*Problem to work on*: What follows is a set of records. Retype them exactly, leaving out the pictures.

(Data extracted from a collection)
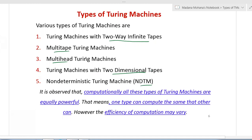It is observed that computationally all these types of Turing machines are equally powerful. The computational power of all these types of Turing machines is the same - that means one type can compute the same that another can do. However, all these five types differ with respect to the efficiency of computation. The efficiency of computation may vary from one type to another type. These are the similarities and differences among various types of Turing machines.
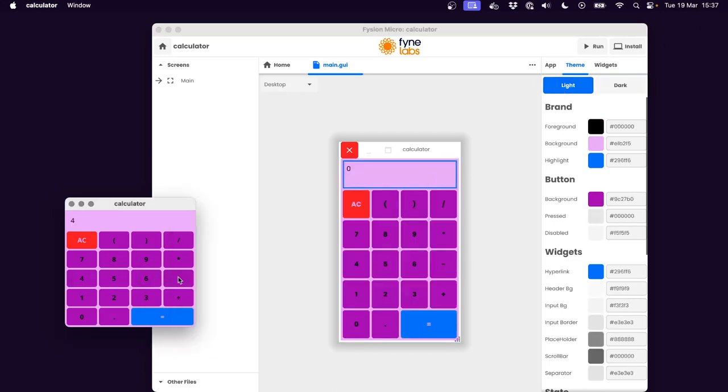So there you go. We have full native applications running from our low code creator. This is just a very quick glimpse of what we're working on. But if you'd like to know more, come back to see future videos.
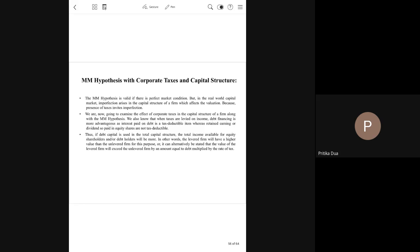Out of all the criticisms, the point of corporate taxes has been addressed through this part of the theory. Now we talk about MM theory with corporate taxes, and we will be covering a number of questions. When we have corporate taxes, this is the same solution as the NOI theory — Net Operating Income theory — which comes under the third proposition we have been doing, but now it is in the presence of corporate taxes.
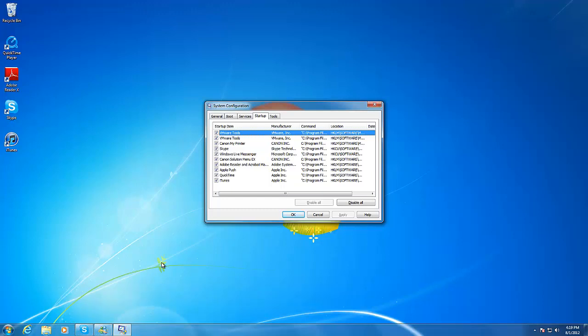Now I could just disable the program from here, but it's not the recommended way to disable startup programs. The best way to disable startup programs is to do so from within the program itself. This may take some searching and some online research to find out how. I'm going to disable the programs now.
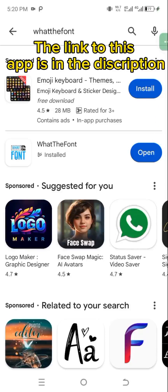Hello, welcome to today's tutorial. I'm super excited to have you here. In today's video, I'll be teaching you the exact formula — the exact way to identify any font you see on a flyer. Maybe you don't know the name of the font but you like it and want to make use of it, so today I'll be teaching you how to identify it.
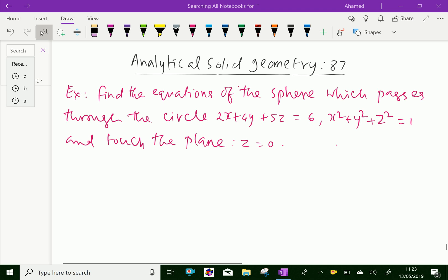Welcome to Aminacademy.com. In analytical solid geometry, let us do some example problems regarding the equation of a sphere with a circle. Find the equation of the sphere which passes through the circle given by 2x + 4y + 5z = 6 and x² + y² + z² = 1, and touches the plane z = 0.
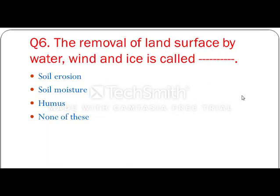The removal of land surface by water, wind and ice is called — meaning the removal of land surface — that is soil erosion.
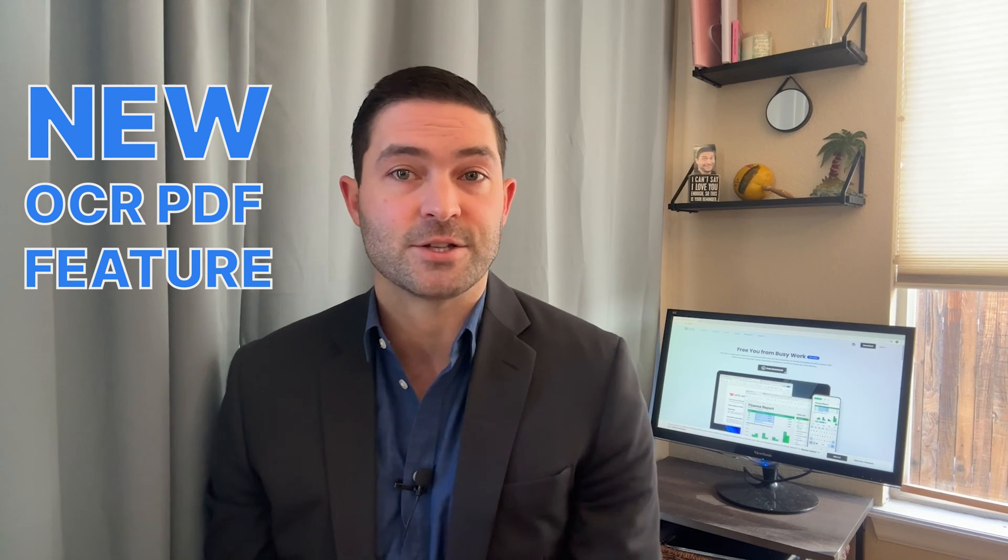Welcome back to our channel. Here we bring you the latest updates on WPS Office. In today's video, we will comprehensively review the new OCR PDF feature.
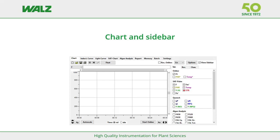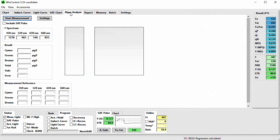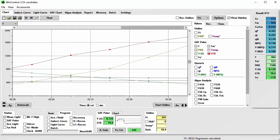Now I come to the center of WinControl 3 — the various tabs and their sidebars. The tabs chart, induction curve, light curve, sat chart, report, memory, batch, and settings are about the same as with other WinControl 3 operated instruments. The algae analysis is a WaterPump 2 specific tab. I start with the chart tab.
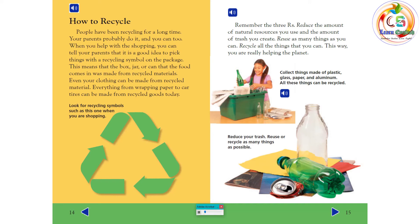Remember the three R's. Reduce the amount of natural resources you use and the amount of trash you create. Reuse as many things as you can. Recycle all the things that you can. This way, you are really helping the planet. Collect things made of plastic, glass, paper, and aluminum. All these things can be recycled. Reduce your trash. Reuse or recycle as many things as possible.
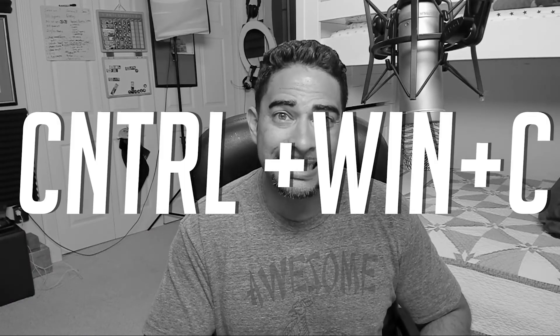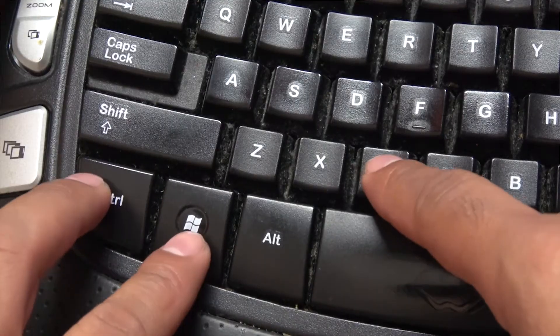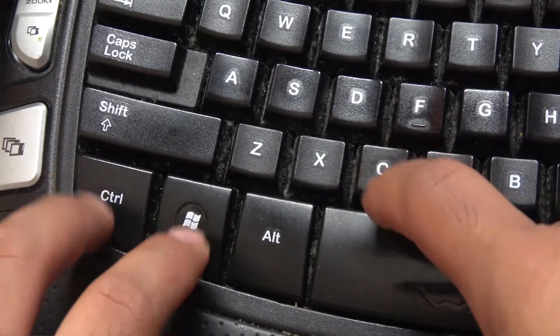What you want to do is just press CTRL, Windows and C — the CTRL and the Windows button and the C button at the same time. And that brings everything back.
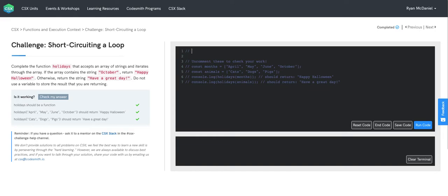Let's write out some pseudocode to help guide our code. So first up, we're going to declare a function, holidays, that accepts one argument, an array of strings.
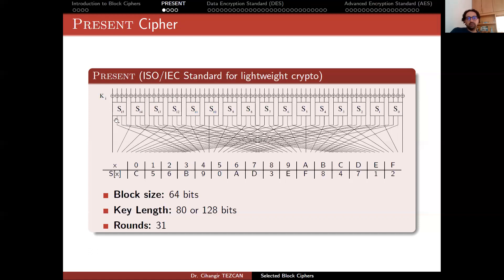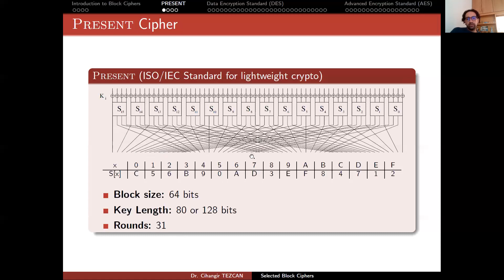The S-Box alone does not provide much diffusion because 4 bits only affect 4 bits and don't affect the other bits. For this reason, there is a permutation layer. For instance, the leftmost bit maps to itself, but others map to different positions. This constitutes a single round: after one round, take the 64-bit output and repeat the same procedure 31 times. At the end, there is a final key XOR. The permutation layer is shown in a table indicating which bit maps to which position.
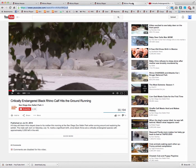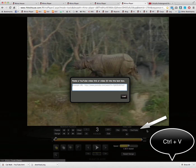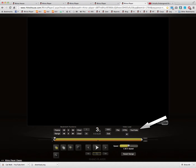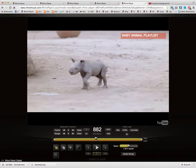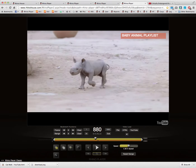Let's go back to Rhino Player and click on the YouTube button and do a Control V or Command V. Once the video loads, you can use familiar controls such as frame step forward, backwards, bookmarking, and scrubbing.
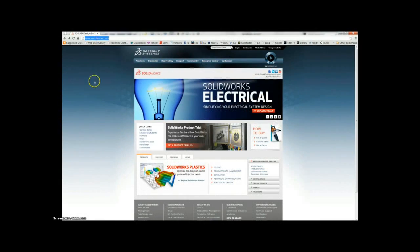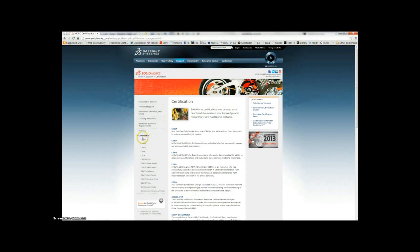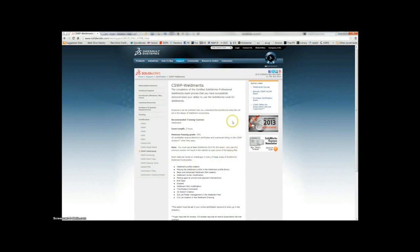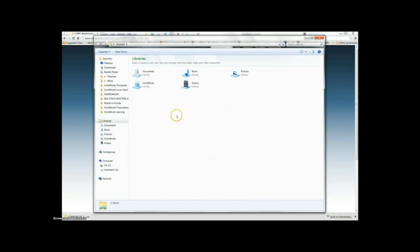This is part one of a probably five-part series covering the CSWP Weldments practice exam. Go to the SOLIDWORKS website, support tab, certification. This is where they have all their certifications listed. Select the CSWP Weldments, download the sample exam from the Quick Links, and save it to a common place.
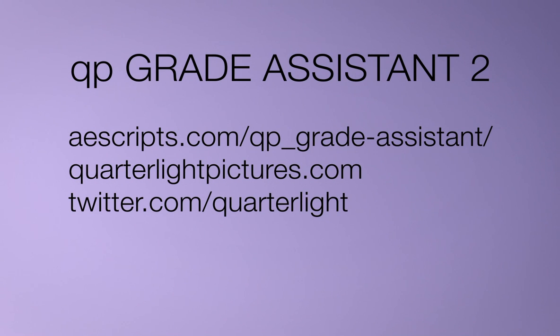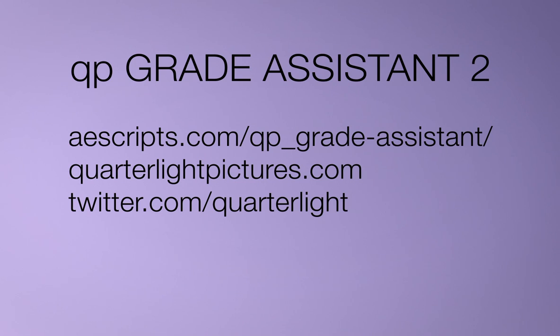So that's it. I hope you found this introductory tutorial to QP Grade Assistant 2 useful. I'm really looking forward to hearing all your feedback on the plugin, so any feature requests please leave a comment on the product page at AEScripts and AEPlugins. Until next time, bye bye.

*Response to this task*:
It is observed that computationally all these types of Turing machines are equally powerful. The computational power of all these types of Turing machines is the same - that means one type can compute the same that another can do. However, all these five types differ with respect to the efficiency of computation. The efficiency of computation may vary from one type to another type. These are the similarities and differences among various types of Turing machines.
So there you go. We have full native applications running from our low code creator. This is just a very quick glimpse of what we're working on. But if you'd like to know more, come back to see future videos.
Out of all the criticisms, the point of corporate taxes has been addressed through this part of the theory. Now we talk about MM theory with corporate taxes, and we will be covering a number of questions. When we have corporate taxes, this is the same solution as the NOI theory — Net Operating Income theory — which comes under the third proposition we have been doing, but now it is in the presence of corporate taxes.
Now I could just disable the program from here, but it's not the recommended way to disable startup programs. The best way to disable startup programs is to do so from within the program itself. This may take some searching and some online research to find out how. I'm going to disable the programs now.
Hello, welcome to today's tutorial. I'm super excited to have you here. In today's video, I'll be teaching you the exact formula — the exact way to identify any font you see on a flyer. Maybe you don't know the name of the font but you like it and want to make use of it, so today I'll be teaching you how to identify it.
Welcome to Aminacademy.com. In analytical solid geometry, let us do some example problems regarding the equation of a sphere with a circle. Find the equation of the sphere which passes through the circle given by 2x + 4y + 5z = 6 and x² + y² + z² = 1, and touches the plane z = 0.
The removal of land surface by water, wind and ice is called — meaning the removal of land surface — that is soil erosion.
Welcome back to our channel. Here we bring you the latest updates on WPS Office. In today's video, we will comprehensively review the new OCR PDF feature.
Now I come to the center of WinControl 3 — the various tabs and their sidebars. The tabs chart, induction curve, light curve, sat chart, report, memory, batch, and settings are about the same as with other WinControl 3 operated instruments. The algae analysis is a WaterPump 2 specific tab. I start with the chart tab.
Remember the three R's. Reduce the amount of natural resources you use and the amount of trash you create. Reuse as many things as you can. Recycle all the things that you can. This way, you are really helping the planet. Collect things made of plastic, glass, paper, and aluminum. All these things can be recycled. Reduce your trash. Reuse or recycle as many things as possible.
What you want to do is just press CTRL, Windows and C — the CTRL and the Windows button and the C button at the same time. And that brings everything back.
Let's write out some pseudocode to help guide our code. So first up, we're going to declare a function, holidays, that accepts one argument, an array of strings.
The S-Box alone does not provide much diffusion because 4 bits only affect 4 bits and don't affect the other bits. For this reason, there is a permutation layer. For instance, the leftmost bit maps to itself, but others map to different positions. This constitutes a single round: after one round, take the 64-bit output and repeat the same procedure 31 times. At the end, there is a final key XOR. The permutation layer is shown in a table indicating which bit maps to which position.
Let's go back to Rhino Player and click on the YouTube button and do a Control V or Command V. Once the video loads, you can use familiar controls such as frame step forward, backwards, bookmarking, and scrubbing.
This is part one of a probably five-part series covering the CSWP Weldments practice exam. Go to the SOLIDWORKS website, support tab, certification. This is where they have all their certifications listed. Select the CSWP Weldments, download the sample exam from the Quick Links, and save it to a common place.
So that's it. I hope you found this introductory tutorial to QP Grade Assistant 2 useful. I'm really looking forward to hearing all your feedback on the plugin, so any feature requests please leave a comment on the product page at AEScripts and AEPlugins. Until next time, bye bye.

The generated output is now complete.